Each line of the records has to be copied exactly, though the pictures must be left out.

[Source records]

--------------------

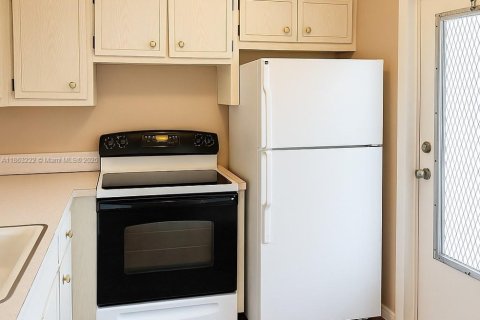 Copropriété à vendre à Lauderdale Lakes, Floride: 2 chambres, 87.7 m2 № 2038181 - photo 3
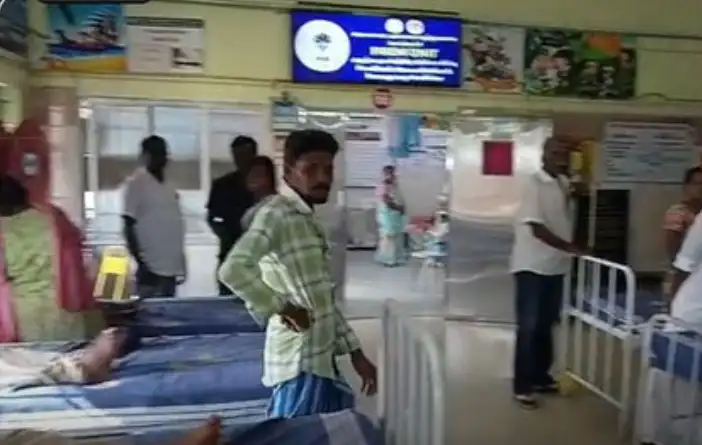 வாந்தி, மயக்கத்தால் பாதிக்கப்பட்ட குழந்தைகள் மருத்துவமனையில் சிகிச்சை பெறுதல்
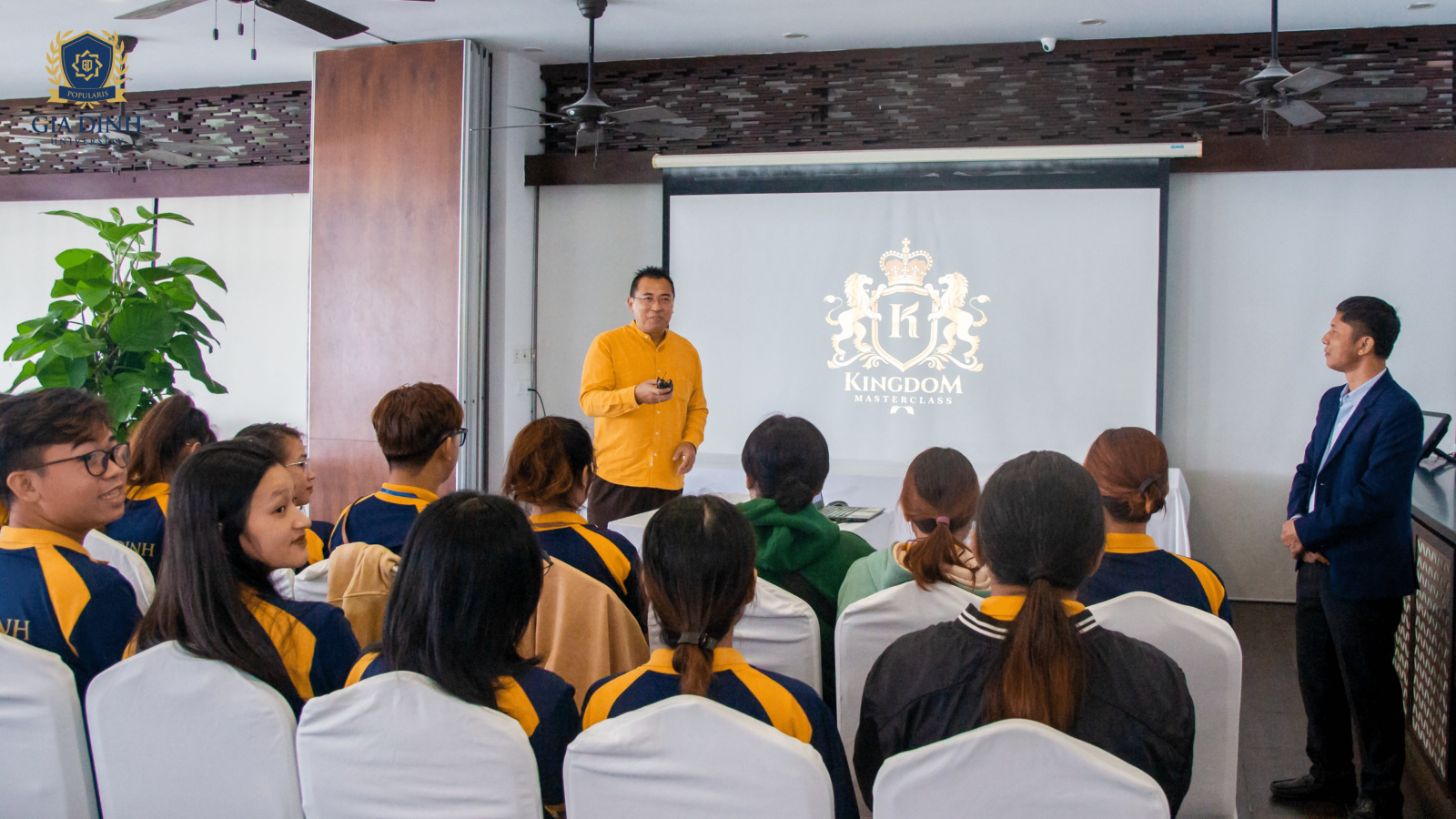 Sinh viên chia sẻ kinh nghiệm học tập tại trường đại học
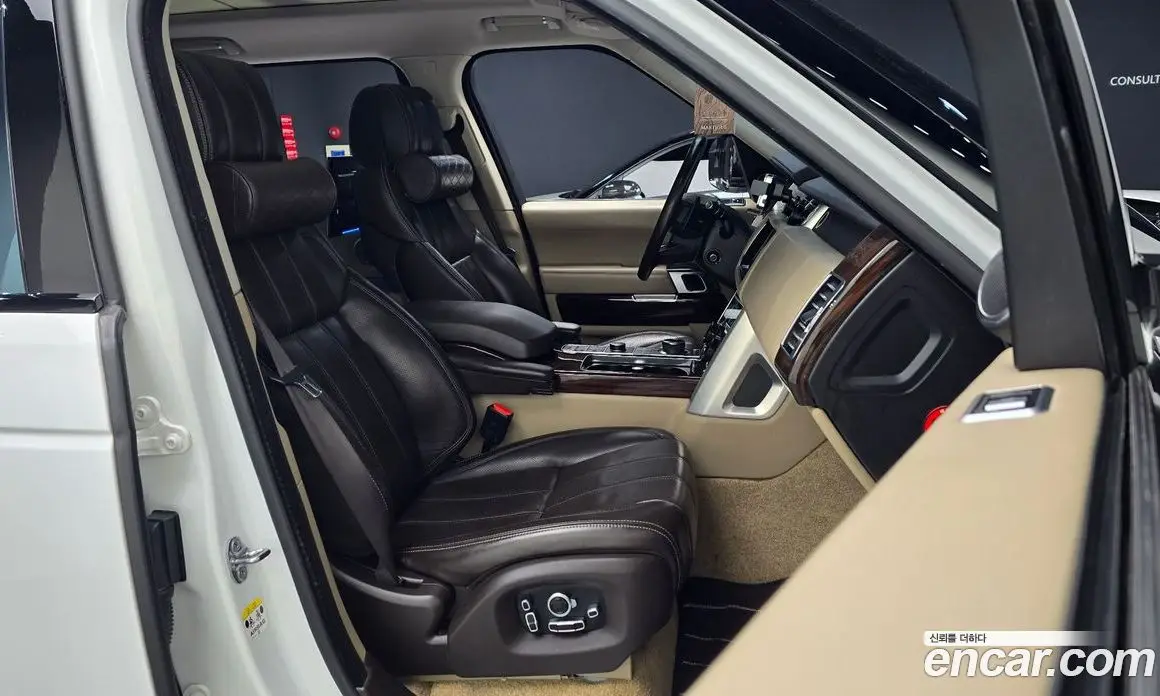 Land Rover Range Rover 2017 4.4 автомат (гидро), фото 12 Land Rover Range Rover 2017 4.4 автомат (гидро), фото 12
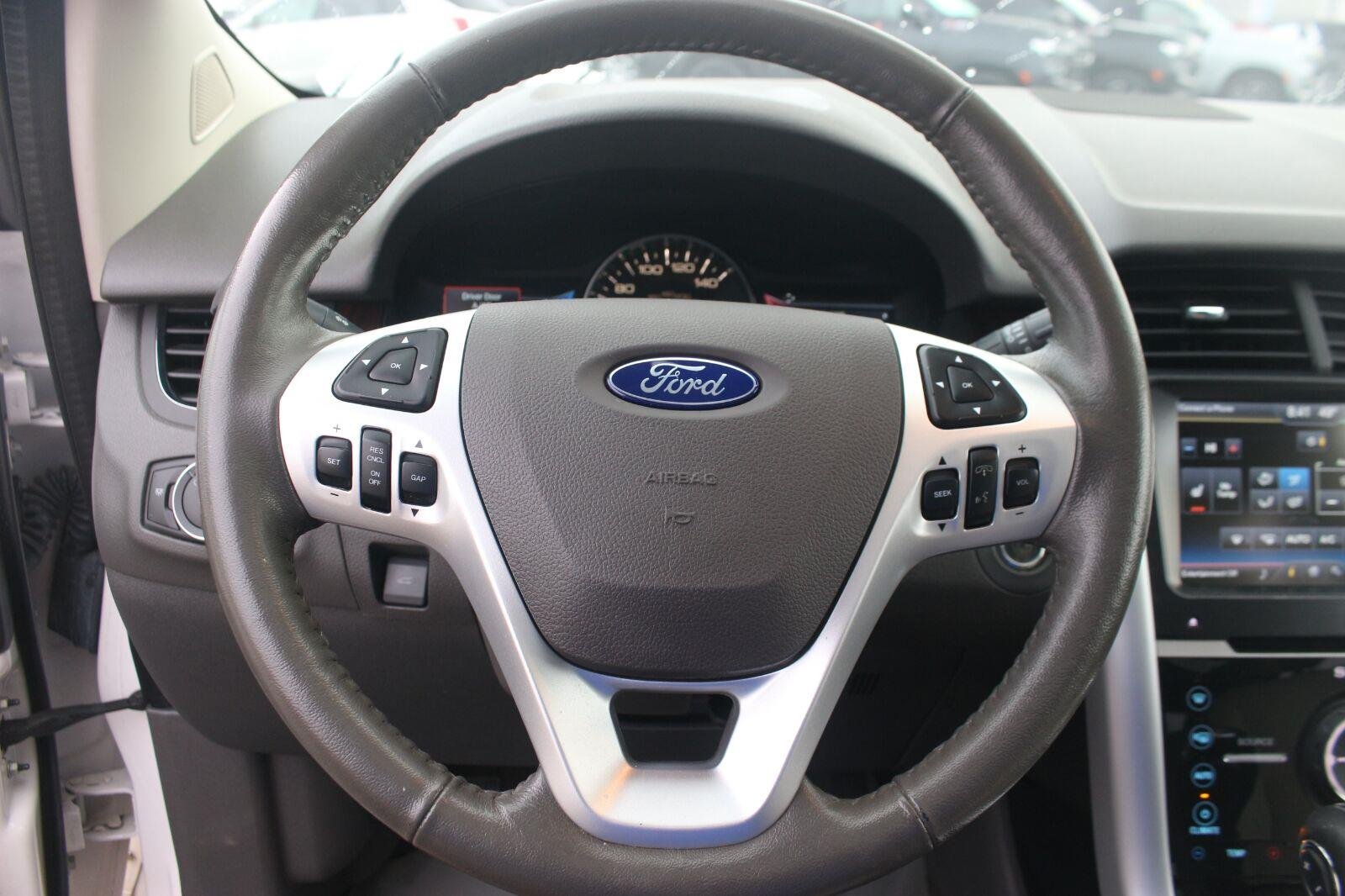 Used 2014 White Ford Limited image 20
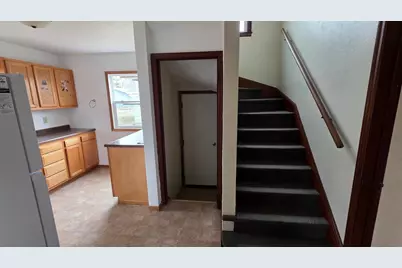 313 11th Street S, Benson, MN 56215 - Photo 6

--------------------

• [SOLUTION]
 Copropriété à vendre à Lauderdale Lakes, Floride: 2 chambres, 87.7 m2 № 2038181 - photo 3
 வாந்தி, மயக்கத்தால் பாதிக்கப்பட்ட குழந்தைகள் மருத்துவமனையில் சிகிச்சை பெறுதல்
 Sinh viên chia sẻ kinh nghiệm học tập tại trường đại học
 Land Rover Range Rover 2017 4.4 автомат (гидро), фото 12 Land Rover Range Rover 2017 4.4 автомат (гидро), фото 12
 Used 2014 White Ford Limited image 20
 313 11th Street S, Benson, MN 56215 - Photo 6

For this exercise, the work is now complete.